• **DATASET CONTENT**
+ + + +
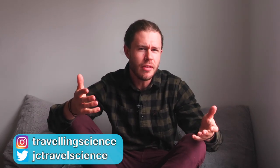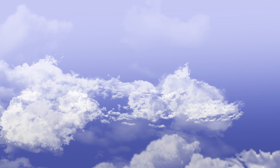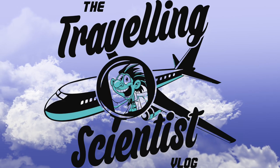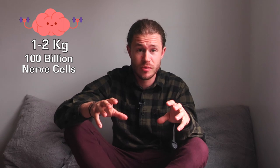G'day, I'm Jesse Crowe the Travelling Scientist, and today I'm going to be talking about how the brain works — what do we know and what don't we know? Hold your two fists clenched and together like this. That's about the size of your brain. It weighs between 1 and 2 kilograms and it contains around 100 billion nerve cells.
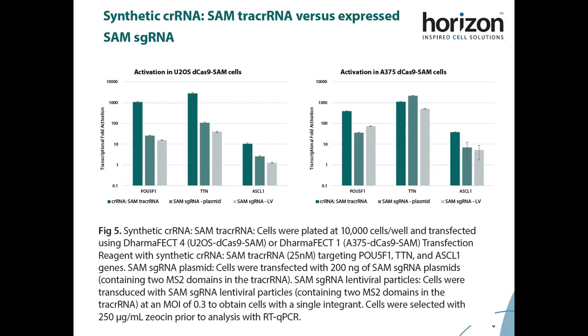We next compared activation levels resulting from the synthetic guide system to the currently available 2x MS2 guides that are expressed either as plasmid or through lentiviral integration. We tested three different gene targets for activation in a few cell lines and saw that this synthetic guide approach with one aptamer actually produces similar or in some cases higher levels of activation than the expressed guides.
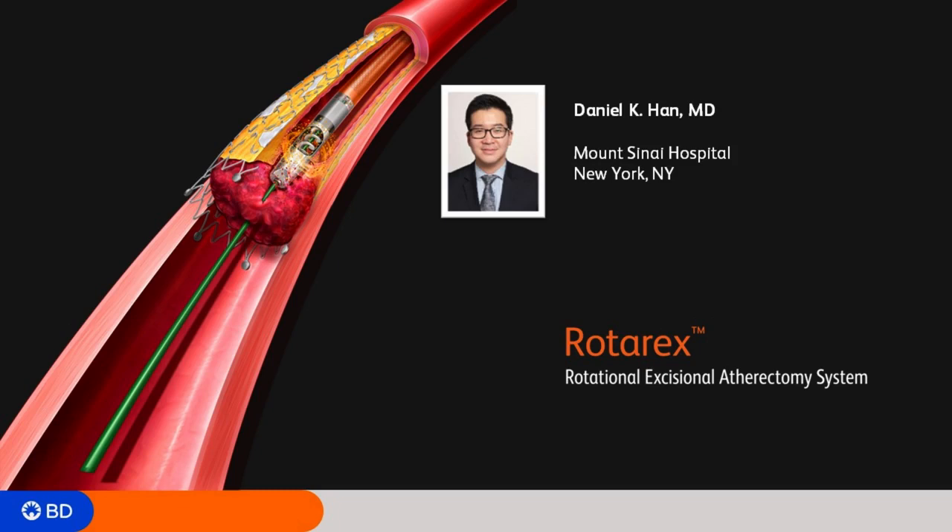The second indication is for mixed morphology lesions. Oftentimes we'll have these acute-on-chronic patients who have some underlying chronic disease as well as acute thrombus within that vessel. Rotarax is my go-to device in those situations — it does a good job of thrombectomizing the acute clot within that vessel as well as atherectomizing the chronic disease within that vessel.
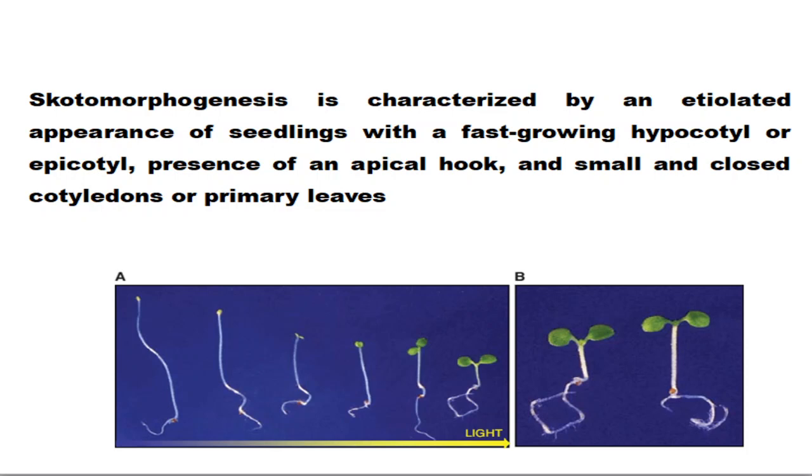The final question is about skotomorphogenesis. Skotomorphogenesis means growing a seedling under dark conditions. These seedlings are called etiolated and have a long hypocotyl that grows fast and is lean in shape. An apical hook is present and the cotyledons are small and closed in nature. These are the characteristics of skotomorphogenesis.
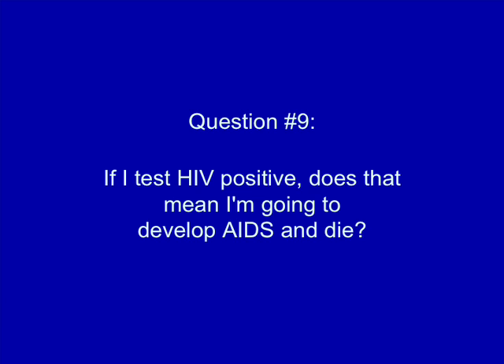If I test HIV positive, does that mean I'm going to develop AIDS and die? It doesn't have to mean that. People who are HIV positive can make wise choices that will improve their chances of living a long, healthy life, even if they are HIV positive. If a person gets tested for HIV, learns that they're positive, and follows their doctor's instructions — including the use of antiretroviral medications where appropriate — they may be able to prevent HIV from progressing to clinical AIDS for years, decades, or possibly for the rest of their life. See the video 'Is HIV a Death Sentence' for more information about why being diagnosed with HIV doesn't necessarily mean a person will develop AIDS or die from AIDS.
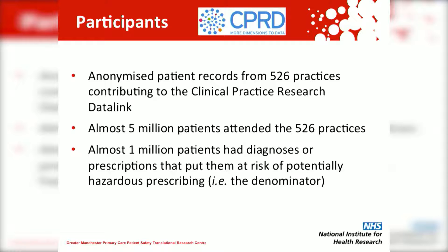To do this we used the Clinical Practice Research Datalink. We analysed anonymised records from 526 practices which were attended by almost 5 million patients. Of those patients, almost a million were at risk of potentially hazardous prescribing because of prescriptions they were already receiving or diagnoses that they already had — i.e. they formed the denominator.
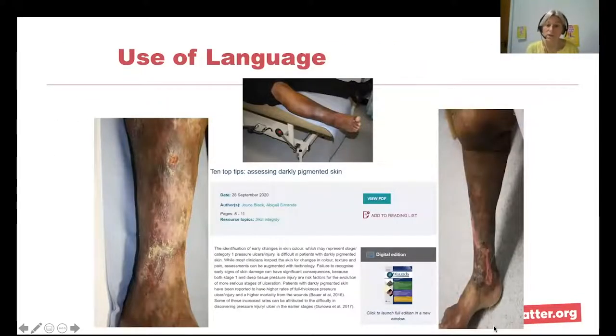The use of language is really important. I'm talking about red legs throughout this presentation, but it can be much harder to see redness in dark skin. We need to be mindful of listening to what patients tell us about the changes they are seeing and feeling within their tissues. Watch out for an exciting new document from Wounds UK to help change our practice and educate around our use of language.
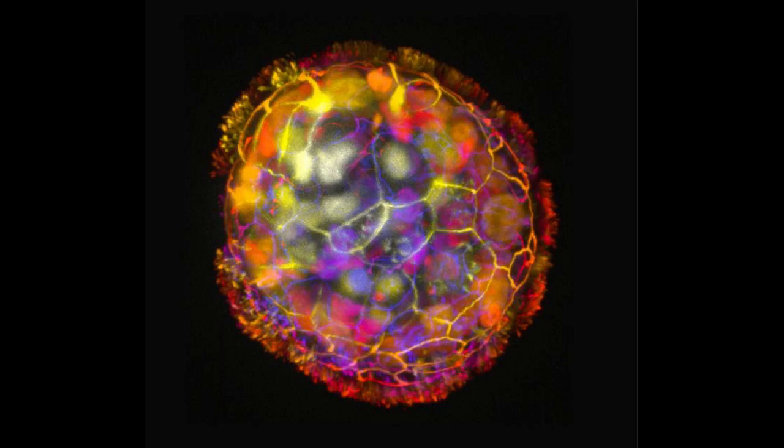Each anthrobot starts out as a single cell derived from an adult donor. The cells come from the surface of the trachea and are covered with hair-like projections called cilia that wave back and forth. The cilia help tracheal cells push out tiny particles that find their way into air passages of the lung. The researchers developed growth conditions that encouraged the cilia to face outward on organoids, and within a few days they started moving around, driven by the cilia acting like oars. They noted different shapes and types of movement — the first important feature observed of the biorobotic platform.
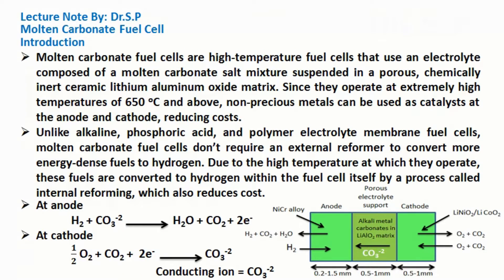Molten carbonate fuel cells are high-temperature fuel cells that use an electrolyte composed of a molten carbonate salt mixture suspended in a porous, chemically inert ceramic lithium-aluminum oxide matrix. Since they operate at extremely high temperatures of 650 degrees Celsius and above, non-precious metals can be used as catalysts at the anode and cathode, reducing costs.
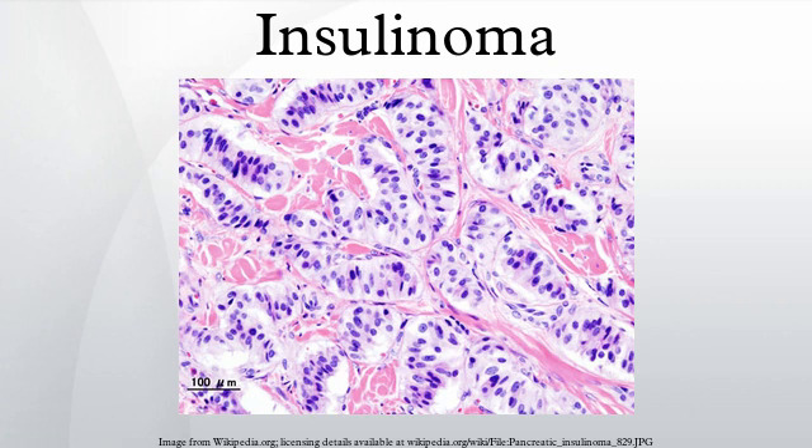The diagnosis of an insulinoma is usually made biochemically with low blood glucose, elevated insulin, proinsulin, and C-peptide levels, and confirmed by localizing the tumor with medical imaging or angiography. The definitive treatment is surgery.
+ + + +
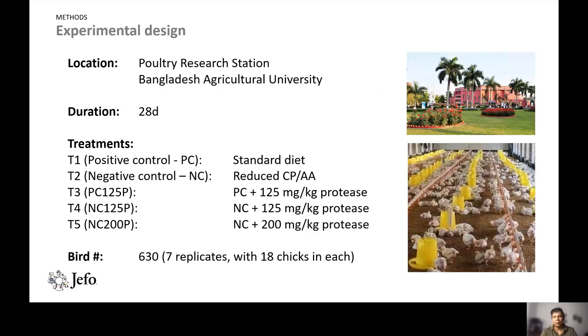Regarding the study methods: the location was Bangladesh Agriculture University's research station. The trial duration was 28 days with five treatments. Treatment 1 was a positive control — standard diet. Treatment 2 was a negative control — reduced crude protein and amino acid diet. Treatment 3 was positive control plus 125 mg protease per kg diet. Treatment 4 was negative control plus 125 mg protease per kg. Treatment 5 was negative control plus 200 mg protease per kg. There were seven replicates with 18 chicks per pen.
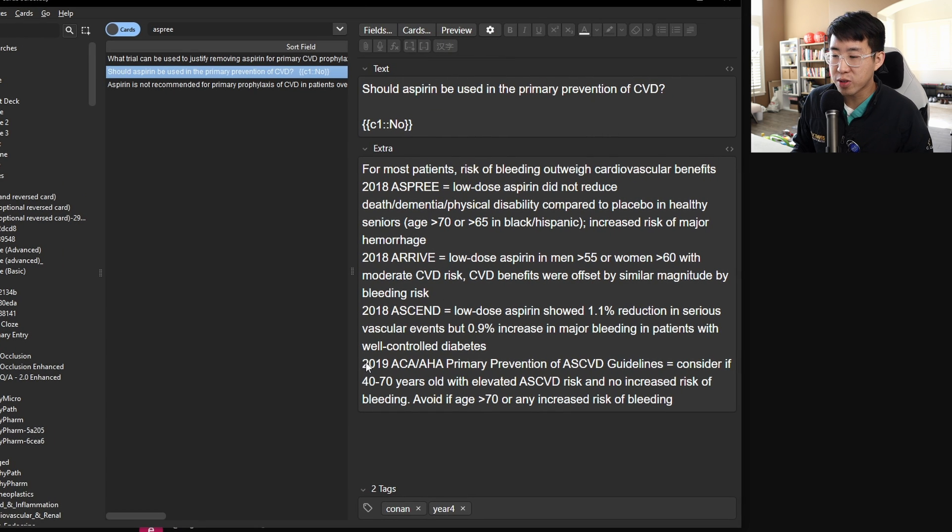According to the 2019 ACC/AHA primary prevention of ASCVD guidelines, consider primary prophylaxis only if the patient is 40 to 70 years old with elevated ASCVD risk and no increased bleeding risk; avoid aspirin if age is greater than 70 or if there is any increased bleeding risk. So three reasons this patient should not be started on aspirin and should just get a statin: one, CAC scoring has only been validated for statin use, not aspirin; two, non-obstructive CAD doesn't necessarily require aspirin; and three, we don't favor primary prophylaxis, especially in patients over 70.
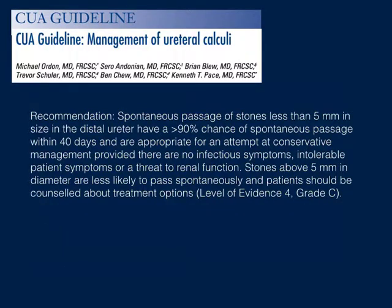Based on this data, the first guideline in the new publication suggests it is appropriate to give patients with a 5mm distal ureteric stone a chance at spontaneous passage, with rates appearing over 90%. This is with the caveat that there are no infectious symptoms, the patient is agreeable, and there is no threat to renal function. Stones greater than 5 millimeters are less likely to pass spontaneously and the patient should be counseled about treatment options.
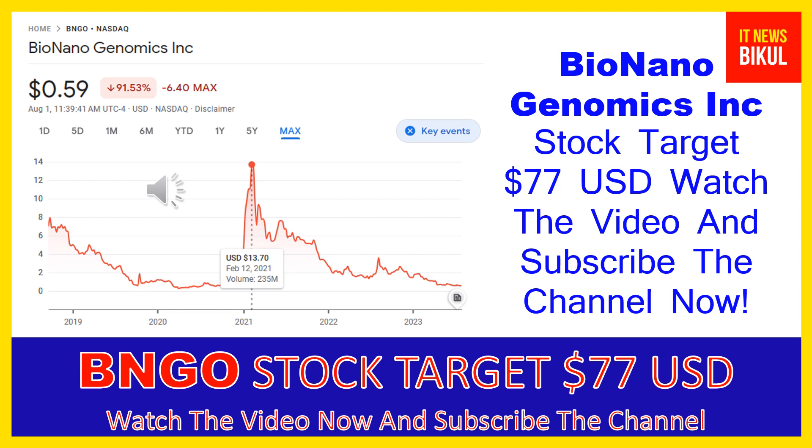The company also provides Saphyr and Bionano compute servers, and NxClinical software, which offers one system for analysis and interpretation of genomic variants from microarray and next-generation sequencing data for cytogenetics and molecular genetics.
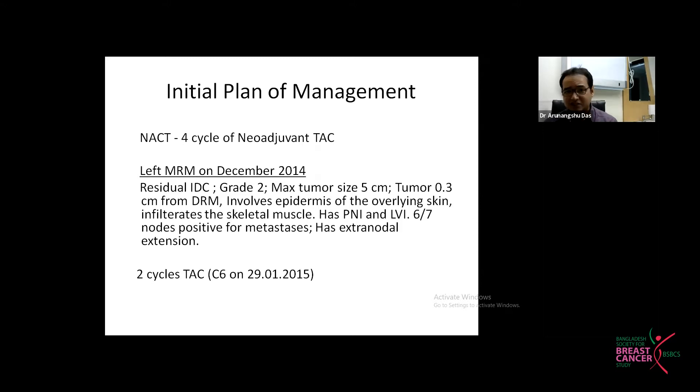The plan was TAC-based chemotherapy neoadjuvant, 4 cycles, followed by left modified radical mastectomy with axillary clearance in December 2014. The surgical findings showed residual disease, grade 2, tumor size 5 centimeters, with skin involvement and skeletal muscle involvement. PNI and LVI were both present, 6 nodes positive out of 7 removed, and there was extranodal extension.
+ + + +
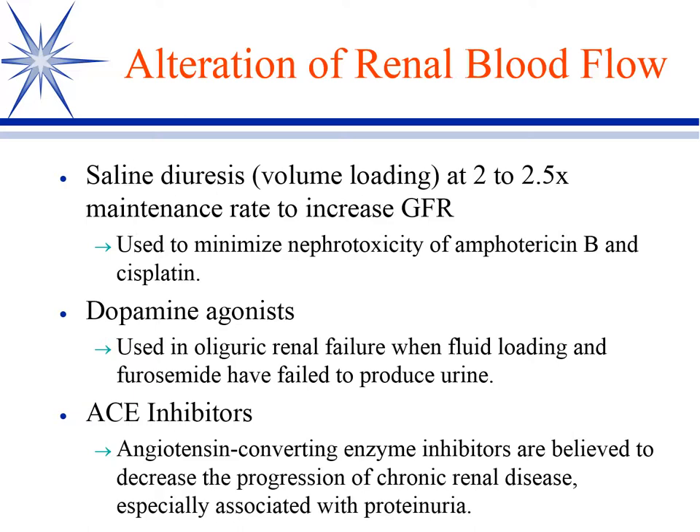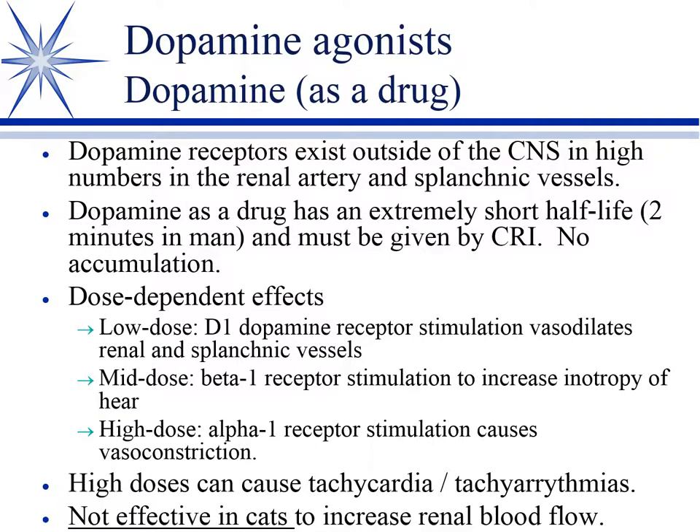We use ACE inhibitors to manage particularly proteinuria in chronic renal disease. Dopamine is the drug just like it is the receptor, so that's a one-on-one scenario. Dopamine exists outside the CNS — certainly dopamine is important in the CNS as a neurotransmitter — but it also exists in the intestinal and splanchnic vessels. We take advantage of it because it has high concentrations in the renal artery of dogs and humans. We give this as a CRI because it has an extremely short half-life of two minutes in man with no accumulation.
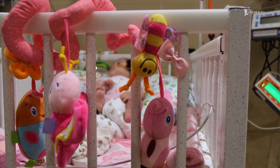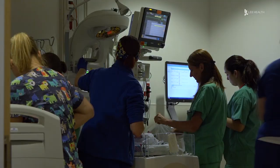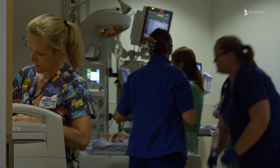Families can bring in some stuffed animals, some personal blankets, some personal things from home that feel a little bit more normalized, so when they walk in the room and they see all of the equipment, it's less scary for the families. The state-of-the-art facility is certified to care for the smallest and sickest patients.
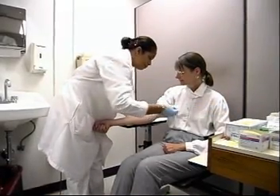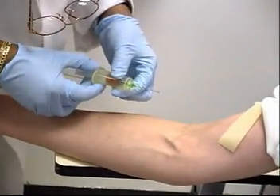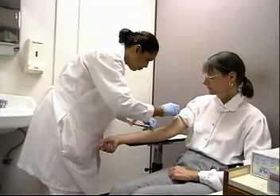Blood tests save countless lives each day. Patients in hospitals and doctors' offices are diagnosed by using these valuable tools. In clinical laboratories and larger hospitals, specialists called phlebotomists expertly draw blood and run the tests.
+ + + +
• **REQUIRED WORK**
Extract, without any images, the part of the material above that opens with the line containing "G'day, I'm Jesse" and closes with the line containing "We next compared", both lines included.

• **RESULT FOR THIS EXERCISE**
G'day, I'm Jesse Crowe the Travelling Scientist, and today I'm going to be talking about how the brain works — what do we know and what don't we know? Hold your two fists clenched and together like this. That's about the size of your brain. It weighs between 1 and 2 kilograms and it contains around 100 billion nerve cells.
We next compared activation levels resulting from the synthetic guide system to the currently available 2x MS2 guides that are expressed either as plasmid or through lentiviral integration. We tested three different gene targets for activation in a few cell lines and saw that this synthetic guide approach with one aptamer actually produces similar or in some cases higher levels of activation than the expressed guides.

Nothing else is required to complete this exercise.